# Rust on the bottom of my water heater, bad?



## abefroman (Jan 18, 2009)

I noticed some rust on the bottom of my water heater.

Just a little bit all the way around, and then a couple spots have about a half inch of paint bubbling, some I'm guessing its rusted behind the paint.

Is this bad? Or is there a liner inside anyway and I don't have to worry about leaking?

Im not sure how old it is, but the energy saver sticker references 1994, so it either from that year or after.

TIA


----------



## Termite (Apr 13, 2008)

It could be rusting through, but it could very well be rust due to drips or humidity or (flooding?). Might be worth checking the anode rod in the tank to see if it is all gone. 10 years is probably a fair life for a water heater these days, depending on water and maintenance of course. If yours is 15 it might be time to replace it. Its a fun and fairly easy DIY job.


----------



## abefroman (Jan 18, 2009)

thekctermite said:


> It could be rusting through, but it could very well be rust due to drips or humidity or (flooding?). Might be worth checking the anode rod in the tank to see if it is all gone. 10 years is probably a fair life for a water heater these days, depending on water and maintenance of course. If yours is 15 it might be time to replace it. Its a fun and fairly easy DIY job.

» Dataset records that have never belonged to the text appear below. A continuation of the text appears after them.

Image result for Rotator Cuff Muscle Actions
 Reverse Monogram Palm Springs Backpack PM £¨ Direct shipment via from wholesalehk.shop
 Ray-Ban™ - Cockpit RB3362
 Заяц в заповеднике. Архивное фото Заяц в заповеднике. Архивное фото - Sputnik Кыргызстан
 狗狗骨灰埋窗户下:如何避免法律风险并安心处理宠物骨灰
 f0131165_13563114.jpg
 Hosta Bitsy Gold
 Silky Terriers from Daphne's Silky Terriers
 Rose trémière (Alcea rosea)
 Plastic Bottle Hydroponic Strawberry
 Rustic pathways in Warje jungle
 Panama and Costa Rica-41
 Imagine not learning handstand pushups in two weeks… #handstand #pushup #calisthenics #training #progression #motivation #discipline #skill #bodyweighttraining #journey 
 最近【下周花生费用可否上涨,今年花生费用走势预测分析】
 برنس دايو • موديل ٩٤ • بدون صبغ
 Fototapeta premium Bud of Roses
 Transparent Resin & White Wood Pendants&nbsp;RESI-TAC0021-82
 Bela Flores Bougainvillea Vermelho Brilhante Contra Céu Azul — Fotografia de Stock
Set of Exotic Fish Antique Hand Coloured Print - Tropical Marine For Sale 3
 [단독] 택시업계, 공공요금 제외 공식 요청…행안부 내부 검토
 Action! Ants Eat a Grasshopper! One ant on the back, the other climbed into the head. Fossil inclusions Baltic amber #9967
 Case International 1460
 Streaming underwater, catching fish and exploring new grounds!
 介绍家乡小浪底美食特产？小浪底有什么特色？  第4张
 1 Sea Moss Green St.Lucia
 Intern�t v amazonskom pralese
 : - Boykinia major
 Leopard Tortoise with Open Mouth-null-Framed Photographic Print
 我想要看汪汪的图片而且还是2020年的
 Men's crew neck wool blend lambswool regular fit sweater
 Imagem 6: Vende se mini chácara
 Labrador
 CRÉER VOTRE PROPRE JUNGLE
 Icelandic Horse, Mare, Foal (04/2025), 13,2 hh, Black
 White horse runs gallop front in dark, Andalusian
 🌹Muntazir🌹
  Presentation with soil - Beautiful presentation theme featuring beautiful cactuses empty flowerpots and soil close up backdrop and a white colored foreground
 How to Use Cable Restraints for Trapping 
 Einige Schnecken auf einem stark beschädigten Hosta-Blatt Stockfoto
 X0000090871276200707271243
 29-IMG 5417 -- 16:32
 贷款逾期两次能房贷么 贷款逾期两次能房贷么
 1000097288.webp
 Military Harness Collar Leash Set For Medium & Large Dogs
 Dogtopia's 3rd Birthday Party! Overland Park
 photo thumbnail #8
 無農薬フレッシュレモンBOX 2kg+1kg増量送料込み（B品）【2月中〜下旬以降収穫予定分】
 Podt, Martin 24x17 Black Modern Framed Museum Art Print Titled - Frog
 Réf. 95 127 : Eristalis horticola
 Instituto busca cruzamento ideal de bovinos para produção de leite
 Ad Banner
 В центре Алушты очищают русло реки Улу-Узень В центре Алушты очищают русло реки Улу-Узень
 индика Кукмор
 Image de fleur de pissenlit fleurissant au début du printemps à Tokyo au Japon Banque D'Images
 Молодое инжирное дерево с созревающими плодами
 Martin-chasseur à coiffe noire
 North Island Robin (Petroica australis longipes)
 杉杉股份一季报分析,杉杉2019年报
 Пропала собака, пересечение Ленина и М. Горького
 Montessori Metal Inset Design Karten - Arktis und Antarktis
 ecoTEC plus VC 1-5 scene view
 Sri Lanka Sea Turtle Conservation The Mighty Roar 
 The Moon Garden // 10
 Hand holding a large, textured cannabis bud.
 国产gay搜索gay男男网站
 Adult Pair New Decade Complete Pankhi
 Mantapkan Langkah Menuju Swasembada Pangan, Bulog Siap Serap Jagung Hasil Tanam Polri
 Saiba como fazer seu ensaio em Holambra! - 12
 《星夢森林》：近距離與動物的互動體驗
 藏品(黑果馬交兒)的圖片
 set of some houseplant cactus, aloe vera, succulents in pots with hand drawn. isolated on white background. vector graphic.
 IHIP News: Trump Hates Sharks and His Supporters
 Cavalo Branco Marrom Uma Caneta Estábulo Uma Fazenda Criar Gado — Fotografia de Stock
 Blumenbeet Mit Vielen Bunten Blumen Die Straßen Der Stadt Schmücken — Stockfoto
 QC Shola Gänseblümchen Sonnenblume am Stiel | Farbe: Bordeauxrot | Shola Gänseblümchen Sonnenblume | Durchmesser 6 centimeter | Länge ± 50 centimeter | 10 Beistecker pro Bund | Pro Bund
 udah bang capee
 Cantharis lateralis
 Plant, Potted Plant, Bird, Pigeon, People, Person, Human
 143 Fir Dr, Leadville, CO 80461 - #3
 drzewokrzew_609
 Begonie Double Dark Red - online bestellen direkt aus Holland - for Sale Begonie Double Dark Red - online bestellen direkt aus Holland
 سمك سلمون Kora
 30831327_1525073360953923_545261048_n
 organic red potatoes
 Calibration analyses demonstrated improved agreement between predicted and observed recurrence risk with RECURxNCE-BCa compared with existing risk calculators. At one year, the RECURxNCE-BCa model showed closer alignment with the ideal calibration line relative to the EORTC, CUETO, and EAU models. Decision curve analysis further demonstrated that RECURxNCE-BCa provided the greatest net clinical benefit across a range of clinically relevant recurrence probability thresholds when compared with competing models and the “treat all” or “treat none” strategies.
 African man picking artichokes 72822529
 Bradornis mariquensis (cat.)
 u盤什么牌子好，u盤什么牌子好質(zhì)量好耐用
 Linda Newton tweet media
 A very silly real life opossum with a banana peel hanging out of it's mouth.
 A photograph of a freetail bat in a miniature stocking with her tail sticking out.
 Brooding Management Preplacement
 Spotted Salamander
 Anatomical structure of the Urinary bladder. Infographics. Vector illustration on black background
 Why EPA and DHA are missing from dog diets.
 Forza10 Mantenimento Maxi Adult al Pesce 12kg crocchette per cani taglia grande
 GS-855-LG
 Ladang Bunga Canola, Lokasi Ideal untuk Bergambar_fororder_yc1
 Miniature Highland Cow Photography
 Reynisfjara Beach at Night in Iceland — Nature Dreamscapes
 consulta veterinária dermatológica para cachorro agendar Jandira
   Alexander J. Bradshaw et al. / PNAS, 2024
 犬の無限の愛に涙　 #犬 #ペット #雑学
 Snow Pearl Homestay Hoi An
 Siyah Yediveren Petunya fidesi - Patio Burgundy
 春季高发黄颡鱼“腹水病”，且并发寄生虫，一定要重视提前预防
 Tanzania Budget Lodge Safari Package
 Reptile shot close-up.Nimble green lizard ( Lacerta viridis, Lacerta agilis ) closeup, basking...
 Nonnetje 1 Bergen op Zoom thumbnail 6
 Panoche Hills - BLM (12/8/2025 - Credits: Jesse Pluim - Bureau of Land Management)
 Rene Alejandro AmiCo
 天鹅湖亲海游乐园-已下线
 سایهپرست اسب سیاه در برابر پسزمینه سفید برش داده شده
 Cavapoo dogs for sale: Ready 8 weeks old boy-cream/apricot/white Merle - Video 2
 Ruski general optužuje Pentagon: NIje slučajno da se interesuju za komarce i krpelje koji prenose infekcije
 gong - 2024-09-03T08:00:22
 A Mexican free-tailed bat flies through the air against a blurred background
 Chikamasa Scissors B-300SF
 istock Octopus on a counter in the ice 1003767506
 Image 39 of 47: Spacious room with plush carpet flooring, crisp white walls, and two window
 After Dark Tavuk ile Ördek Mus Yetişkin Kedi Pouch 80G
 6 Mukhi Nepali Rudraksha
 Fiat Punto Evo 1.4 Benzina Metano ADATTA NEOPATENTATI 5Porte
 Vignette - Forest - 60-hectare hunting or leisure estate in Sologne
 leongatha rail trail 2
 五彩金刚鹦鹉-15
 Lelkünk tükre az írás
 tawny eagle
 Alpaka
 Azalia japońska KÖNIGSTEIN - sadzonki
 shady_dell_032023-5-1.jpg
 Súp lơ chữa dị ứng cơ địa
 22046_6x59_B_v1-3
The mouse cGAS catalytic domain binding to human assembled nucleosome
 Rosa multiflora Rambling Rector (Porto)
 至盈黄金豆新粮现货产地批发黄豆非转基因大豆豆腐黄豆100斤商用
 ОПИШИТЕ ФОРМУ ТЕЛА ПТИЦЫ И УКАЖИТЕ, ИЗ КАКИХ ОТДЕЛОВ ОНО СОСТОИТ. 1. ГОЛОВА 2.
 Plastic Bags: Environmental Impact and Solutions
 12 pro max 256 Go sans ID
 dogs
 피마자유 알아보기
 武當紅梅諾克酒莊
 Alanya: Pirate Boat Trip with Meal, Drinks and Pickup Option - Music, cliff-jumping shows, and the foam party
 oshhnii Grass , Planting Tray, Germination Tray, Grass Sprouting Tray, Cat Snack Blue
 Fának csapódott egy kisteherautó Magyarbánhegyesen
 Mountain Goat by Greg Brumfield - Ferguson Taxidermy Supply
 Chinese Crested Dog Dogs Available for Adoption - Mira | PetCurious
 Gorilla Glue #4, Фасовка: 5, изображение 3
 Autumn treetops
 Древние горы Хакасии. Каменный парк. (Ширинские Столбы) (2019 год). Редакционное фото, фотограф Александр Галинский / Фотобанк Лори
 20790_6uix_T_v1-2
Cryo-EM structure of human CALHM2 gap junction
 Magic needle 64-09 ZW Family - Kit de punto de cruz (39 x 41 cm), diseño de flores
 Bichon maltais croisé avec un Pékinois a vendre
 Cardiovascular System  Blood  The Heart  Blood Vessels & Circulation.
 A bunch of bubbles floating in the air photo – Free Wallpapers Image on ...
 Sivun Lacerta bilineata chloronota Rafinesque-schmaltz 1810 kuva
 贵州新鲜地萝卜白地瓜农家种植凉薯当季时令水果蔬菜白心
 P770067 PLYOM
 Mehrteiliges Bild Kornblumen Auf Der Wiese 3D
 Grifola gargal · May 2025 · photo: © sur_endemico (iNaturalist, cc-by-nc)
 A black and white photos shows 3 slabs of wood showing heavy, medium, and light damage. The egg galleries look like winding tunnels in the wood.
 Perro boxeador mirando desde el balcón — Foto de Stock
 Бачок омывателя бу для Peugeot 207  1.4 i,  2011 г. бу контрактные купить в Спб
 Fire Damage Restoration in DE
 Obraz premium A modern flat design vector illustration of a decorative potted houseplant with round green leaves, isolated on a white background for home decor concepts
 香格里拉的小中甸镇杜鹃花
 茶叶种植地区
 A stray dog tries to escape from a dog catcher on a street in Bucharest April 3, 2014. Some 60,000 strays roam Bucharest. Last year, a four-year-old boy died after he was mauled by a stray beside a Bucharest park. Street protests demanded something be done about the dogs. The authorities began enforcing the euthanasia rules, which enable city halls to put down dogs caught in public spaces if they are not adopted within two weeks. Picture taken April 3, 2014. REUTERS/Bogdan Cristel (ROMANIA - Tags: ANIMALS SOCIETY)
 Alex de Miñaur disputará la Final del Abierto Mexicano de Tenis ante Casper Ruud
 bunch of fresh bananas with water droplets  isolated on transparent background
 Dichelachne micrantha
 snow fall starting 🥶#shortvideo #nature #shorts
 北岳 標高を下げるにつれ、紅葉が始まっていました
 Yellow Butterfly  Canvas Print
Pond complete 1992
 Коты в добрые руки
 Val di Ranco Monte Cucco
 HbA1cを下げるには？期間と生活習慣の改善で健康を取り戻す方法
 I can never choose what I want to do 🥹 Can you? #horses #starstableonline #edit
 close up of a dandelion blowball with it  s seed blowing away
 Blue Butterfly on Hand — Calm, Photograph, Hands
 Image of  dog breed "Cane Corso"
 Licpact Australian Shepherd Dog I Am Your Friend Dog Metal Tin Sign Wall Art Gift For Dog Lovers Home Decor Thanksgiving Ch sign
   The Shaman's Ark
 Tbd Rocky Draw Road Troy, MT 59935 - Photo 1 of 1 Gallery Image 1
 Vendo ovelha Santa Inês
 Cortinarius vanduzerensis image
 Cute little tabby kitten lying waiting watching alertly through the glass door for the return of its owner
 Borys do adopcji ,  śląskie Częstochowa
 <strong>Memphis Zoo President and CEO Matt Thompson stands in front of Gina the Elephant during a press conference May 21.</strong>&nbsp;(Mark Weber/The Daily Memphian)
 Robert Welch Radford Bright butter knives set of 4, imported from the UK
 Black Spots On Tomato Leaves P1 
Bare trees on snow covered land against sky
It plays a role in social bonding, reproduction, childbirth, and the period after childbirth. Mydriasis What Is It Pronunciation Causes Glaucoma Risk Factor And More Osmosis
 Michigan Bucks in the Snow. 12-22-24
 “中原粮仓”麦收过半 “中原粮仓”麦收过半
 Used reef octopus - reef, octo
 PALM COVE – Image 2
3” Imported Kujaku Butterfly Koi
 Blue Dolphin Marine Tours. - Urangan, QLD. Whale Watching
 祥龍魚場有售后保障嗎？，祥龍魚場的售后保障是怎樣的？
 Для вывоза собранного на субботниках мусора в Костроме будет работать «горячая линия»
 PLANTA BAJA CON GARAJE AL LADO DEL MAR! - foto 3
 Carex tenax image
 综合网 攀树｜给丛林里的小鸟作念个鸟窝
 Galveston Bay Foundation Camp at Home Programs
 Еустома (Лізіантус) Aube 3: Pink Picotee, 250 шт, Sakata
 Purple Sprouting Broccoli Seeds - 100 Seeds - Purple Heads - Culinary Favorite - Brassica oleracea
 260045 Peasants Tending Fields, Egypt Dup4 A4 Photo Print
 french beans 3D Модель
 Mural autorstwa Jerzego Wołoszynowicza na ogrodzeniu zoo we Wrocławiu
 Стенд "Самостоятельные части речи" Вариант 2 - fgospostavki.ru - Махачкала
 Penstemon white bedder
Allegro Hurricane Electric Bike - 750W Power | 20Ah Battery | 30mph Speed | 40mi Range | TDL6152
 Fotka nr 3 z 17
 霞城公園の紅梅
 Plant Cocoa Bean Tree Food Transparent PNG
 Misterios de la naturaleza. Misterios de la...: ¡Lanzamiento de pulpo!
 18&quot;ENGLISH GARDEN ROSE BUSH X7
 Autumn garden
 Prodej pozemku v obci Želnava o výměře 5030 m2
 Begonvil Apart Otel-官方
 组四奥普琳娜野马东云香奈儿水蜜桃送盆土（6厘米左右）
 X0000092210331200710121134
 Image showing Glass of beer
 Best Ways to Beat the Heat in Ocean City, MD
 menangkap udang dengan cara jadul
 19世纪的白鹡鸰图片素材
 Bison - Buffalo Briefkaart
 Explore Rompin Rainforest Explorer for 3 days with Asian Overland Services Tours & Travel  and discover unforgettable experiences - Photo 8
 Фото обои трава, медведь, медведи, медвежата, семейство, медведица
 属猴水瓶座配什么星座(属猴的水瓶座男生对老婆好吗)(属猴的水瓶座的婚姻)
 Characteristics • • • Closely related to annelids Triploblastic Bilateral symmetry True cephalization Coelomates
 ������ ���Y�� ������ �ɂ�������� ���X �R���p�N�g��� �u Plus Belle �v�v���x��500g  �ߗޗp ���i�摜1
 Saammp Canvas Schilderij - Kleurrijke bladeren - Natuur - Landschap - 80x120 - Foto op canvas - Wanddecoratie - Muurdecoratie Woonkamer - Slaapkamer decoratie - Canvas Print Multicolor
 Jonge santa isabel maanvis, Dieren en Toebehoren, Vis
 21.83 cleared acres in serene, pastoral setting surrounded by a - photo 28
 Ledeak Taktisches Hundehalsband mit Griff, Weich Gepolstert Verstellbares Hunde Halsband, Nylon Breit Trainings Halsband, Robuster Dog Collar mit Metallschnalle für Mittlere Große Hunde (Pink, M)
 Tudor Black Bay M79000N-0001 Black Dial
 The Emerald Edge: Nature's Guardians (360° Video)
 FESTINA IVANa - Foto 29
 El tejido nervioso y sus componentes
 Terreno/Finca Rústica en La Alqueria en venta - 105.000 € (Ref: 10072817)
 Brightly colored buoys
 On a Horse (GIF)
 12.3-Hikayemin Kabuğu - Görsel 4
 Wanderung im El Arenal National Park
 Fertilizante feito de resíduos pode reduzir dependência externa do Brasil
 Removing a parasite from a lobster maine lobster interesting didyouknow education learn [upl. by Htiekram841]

Thanks! Is the year on the energy save sticker pretty much within a couple years of how old it is? It says "Based on 1994 US Goverment national average cost."


----------



## Termite (Apr 13, 2008)

Hmmm...Can't answer that for you. Wish I knew. Guess it depends on how often they update the gov't standards.


----------



## AllanJ (Nov 24, 2007)

Rust on the outside does not necessarily mean the tank is rusted through.

Dampness in a basement will result in metal things rusting. Since moisture often comes through the floor or walls, objects or parts of objects near the floor or wall are likely to rust first.

Toilet paper is particularly good at soaking up small amounts of water and showing a visible mark revealing that the water was present.

A typical hot water tank has a liner inside but that usually develops cracks long before before the tank itself may rust through.


----------